== Segment start ==

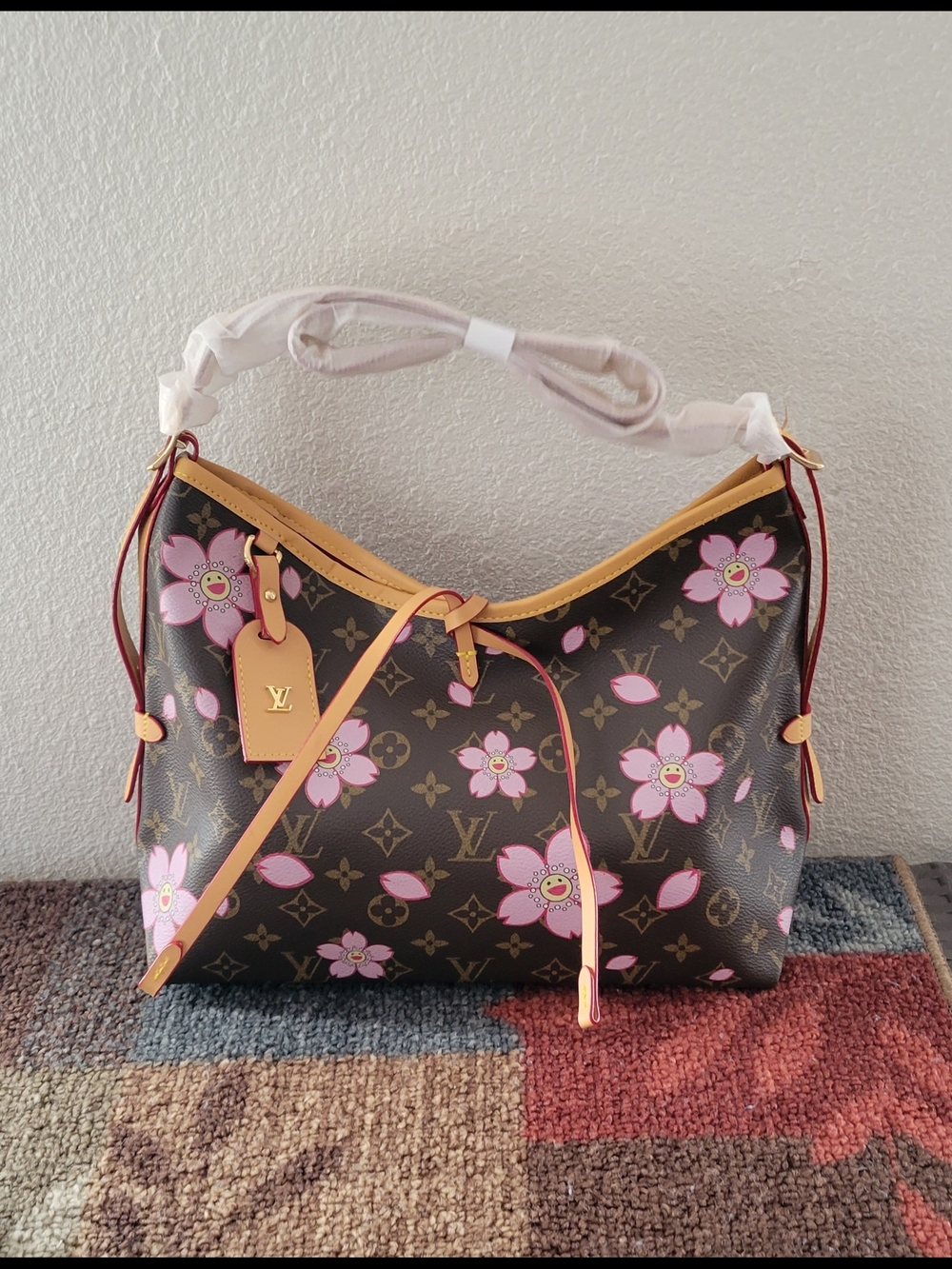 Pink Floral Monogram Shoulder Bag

== Segment end ==
== Segment start ==

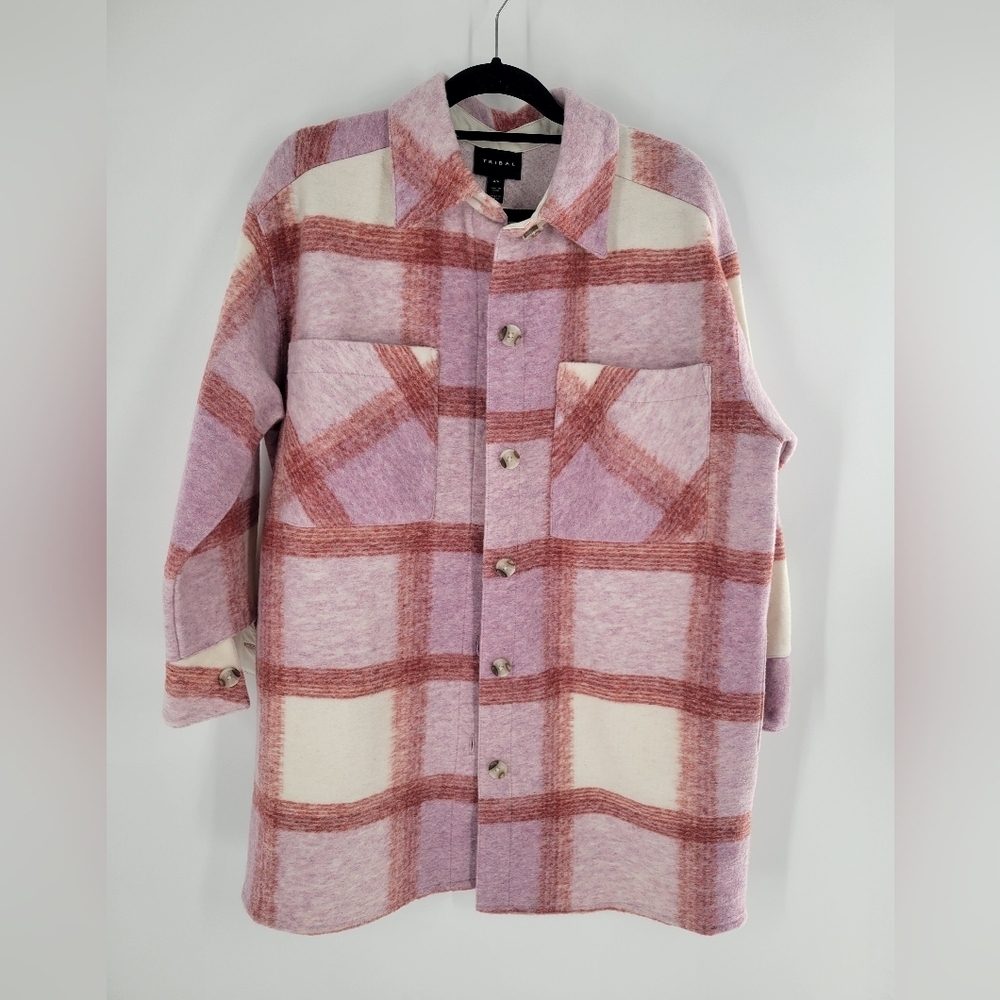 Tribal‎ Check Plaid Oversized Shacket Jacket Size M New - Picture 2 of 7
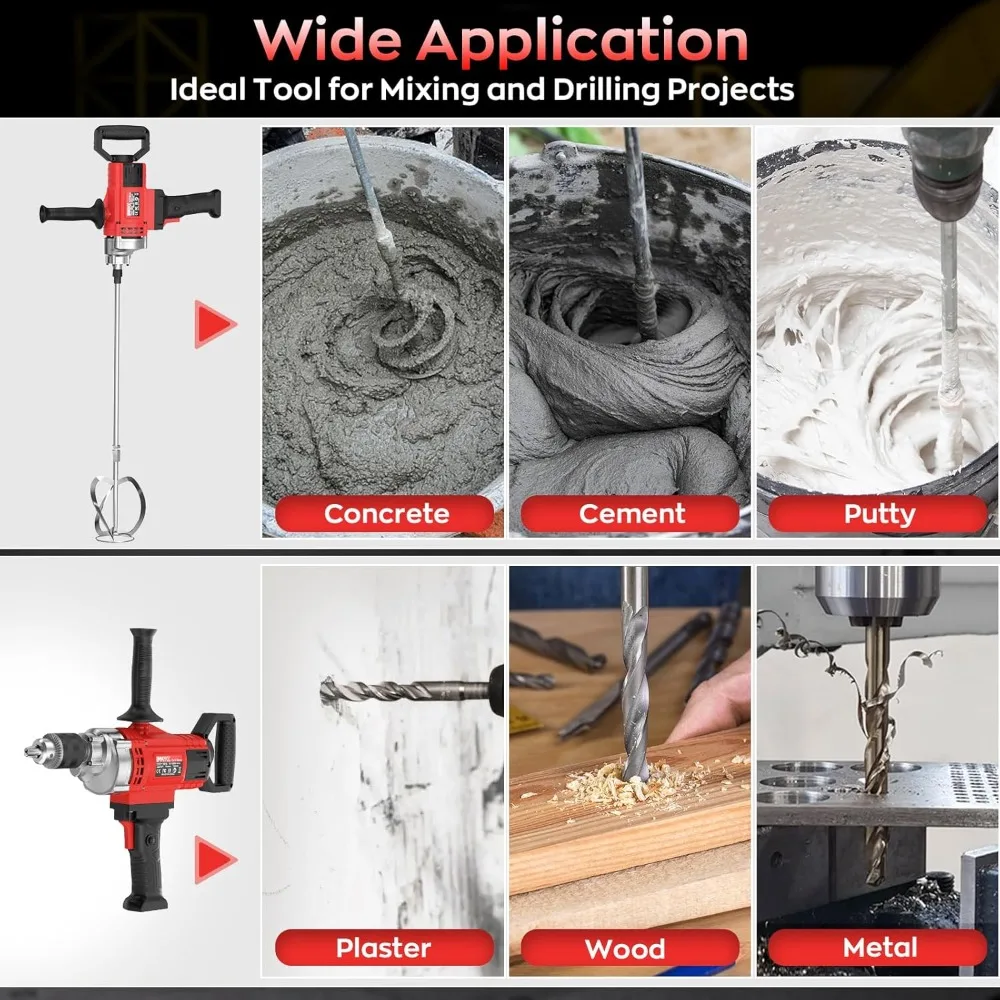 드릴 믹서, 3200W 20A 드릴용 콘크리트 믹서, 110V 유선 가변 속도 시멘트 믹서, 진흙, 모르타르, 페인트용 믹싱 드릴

== Segment end ==
== Segment start ==

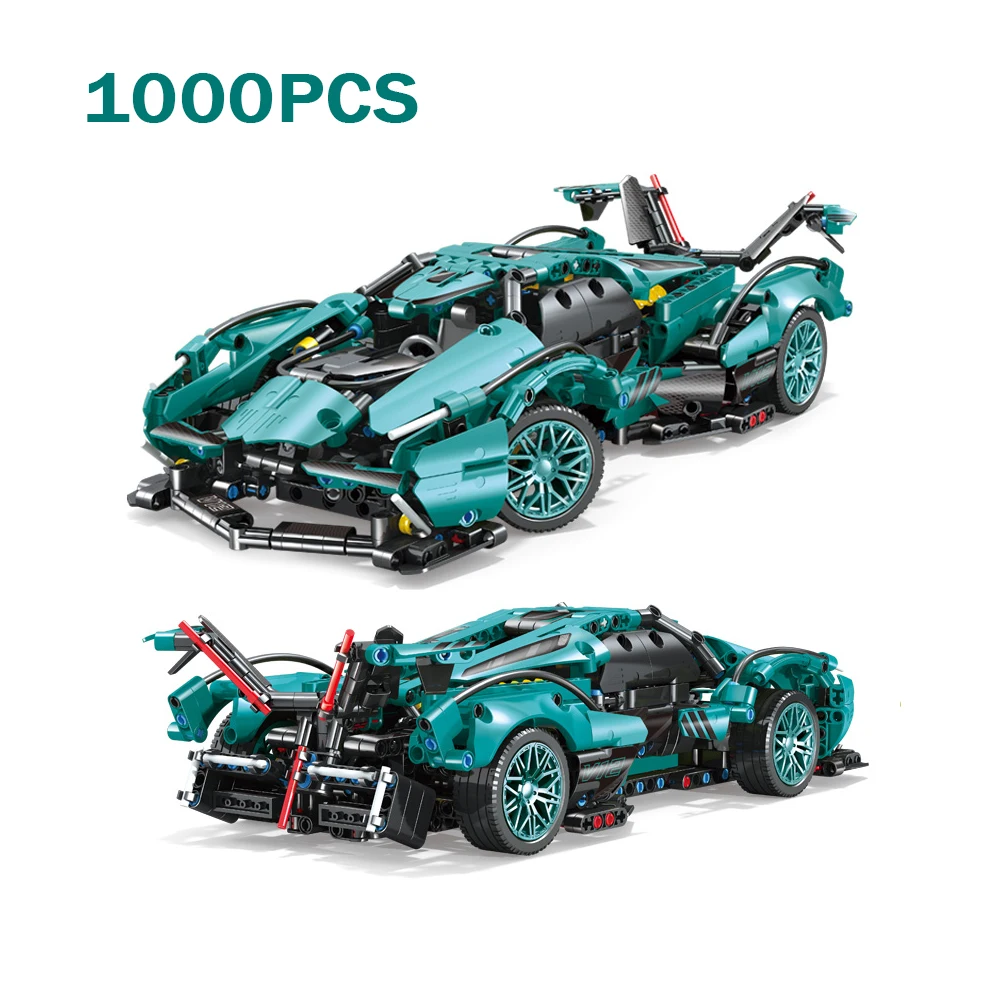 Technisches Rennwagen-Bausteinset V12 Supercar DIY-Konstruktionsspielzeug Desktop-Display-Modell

== Segment end ==

▶ WORK INSTRUCTION
From the records above, output only the lines starting at the one containing "Tribal‎ Check Plaid" and ending at the one containing "드릴 믹서, 3200W", word for word. Pictures stay out.

▶ TASK RESULT
 Tribal‎ Check Plaid Oversized Shacket Jacket Size M New - Picture 2 of 7
 드릴 믹서, 3200W 20A 드릴용 콘크리트 믹서, 110V 유선 가변 속도 시멘트 믹서, 진흙, 모르타르, 페인트용 믹싱 드릴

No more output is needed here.